- [What you need to do]: Reproduce the entries shown below only from the line with "Vacant Land For" down to the line with "1-комнатная квартира, 31.7", keeping both end lines and copying each one exactly.

- [Exercise materials]:
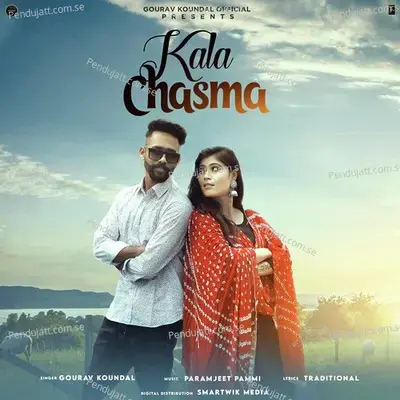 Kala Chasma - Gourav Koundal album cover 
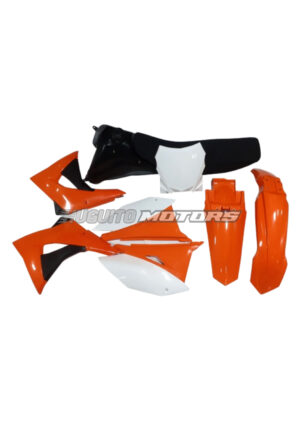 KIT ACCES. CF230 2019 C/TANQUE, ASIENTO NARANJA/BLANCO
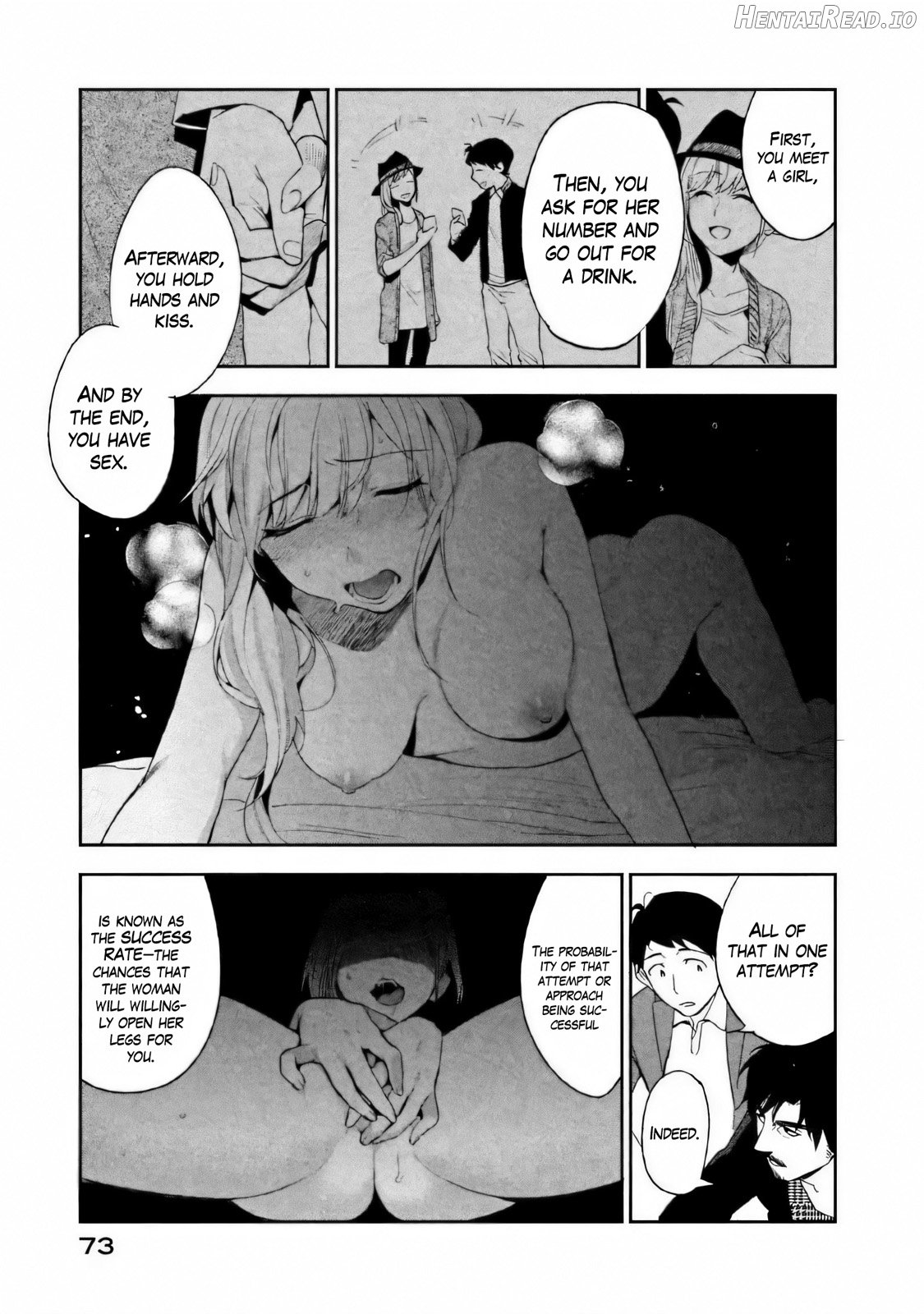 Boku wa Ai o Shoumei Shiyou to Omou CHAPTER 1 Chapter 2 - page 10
...
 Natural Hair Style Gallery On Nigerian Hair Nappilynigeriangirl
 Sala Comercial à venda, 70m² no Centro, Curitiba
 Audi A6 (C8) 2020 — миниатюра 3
==
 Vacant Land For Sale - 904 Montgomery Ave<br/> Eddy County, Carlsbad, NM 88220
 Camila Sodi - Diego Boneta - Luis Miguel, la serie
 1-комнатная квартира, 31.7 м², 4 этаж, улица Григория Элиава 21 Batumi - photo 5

- [Exercise output]:
 Vacant Land For Sale - 904 Montgomery Ave<br/> Eddy County, Carlsbad, NM 88220
 Camila Sodi - Diego Boneta - Luis Miguel, la serie
 1-комнатная квартира, 31.7 м², 4 этаж, улица Григория Элиава 21 Batumi - photo 5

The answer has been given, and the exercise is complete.